En primer lugar, nombró como colaborador más directo al mariscal Lin Biao, quien tras suceder a Peng Dehuai como ministro de Defensa en 1959 se había encargado de reforzar inmensamente el culto personal de Mao entre las fuerzas armadas. Asimismo, instituyó un nuevo cuerpo bautizado con el nombre de Autoridad de la Revolución Cultural al que colocó a las órdenes de su antiguo secretario Chen Boda, si bien se hallaba liderado de jacto por su jefe de inteligencia -Kang Sheng- y la propia señora Mao. Dicho cuerpo se convirtió en el núcleo del liderazgo de la Revolución Cultural.
A continuación, Mao intervino en los medios de comunicación, y muy especialmente en el Diario del Pueblo, sobre el que recaía la máxima autoridad dado que se trataba del periódico oficial del Partido y la población se había habituado a considerarlo la voz del régimen. El 31 de mayo situó a Chen Boda al frente del mismo, asegurándose así un canal a través del cual podía dirigirse directamente a cientos de millones de chinos.

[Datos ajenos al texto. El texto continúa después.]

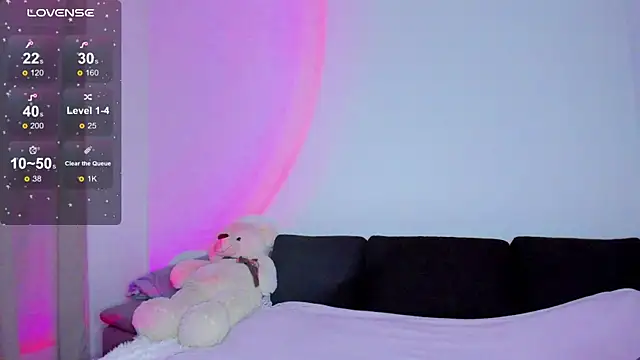 misspollywow online show from October 13, 2025, 6:09 pm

A partir de junio de 1966, el Diario del Pueblo descargó sobre el país un estridente editorial tras otro en los que reclamaba el establecimiento de la autoridad absoluta del presidente Mao y el aniquilamiento de todos los bueyes y serpientes demoníacos (enemigos de clase) a la vez que exhortaba a la gente a seguir a Mao y a unirse a la vasta puesta en marcha de una Revolución Cultural sin precedentes.

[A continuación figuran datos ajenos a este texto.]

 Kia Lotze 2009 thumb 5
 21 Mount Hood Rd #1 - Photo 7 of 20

En mi escuela, las clases se interrumpieron por completo desde comienzos de junio, si bien tuvimos que continuar acudiendo a la misma. Los altavoces atronaban con los editoriales del Diario del Pueblo, y la portada del periódico, de estudio obligatorio todos los días, solía aparecer ocupada casi en su totalidad por un retrato de Mao a toda página. Todos los días aparecía una columna de citas de Mao. Aún recuerdo sus consignas en negrita, cuyos textos terminaron profundamente grabados en mi memoria a base de su constante lectura durante las clases: «¡El presidente Mao es el rojo sol de nuestros corazones!» «¡El pensamiento de Mao Zedong es la señal que guía nuestras vidas!» «¡Pulverizaremos a quienes se opongan al presidente Mao!» «¡Nuestro Gran Líder, el presidente Mao, cuenta con el afecto de gente procedente de todo el mundo!» Había páginas de comentarios admirativos atribuidos a extranjeros y fotografías de muchedumbres europeas intentando hacerse con las obras de Mao. El orgullo nacional chino estaba siendo movilizado para reforzar el culto al líder.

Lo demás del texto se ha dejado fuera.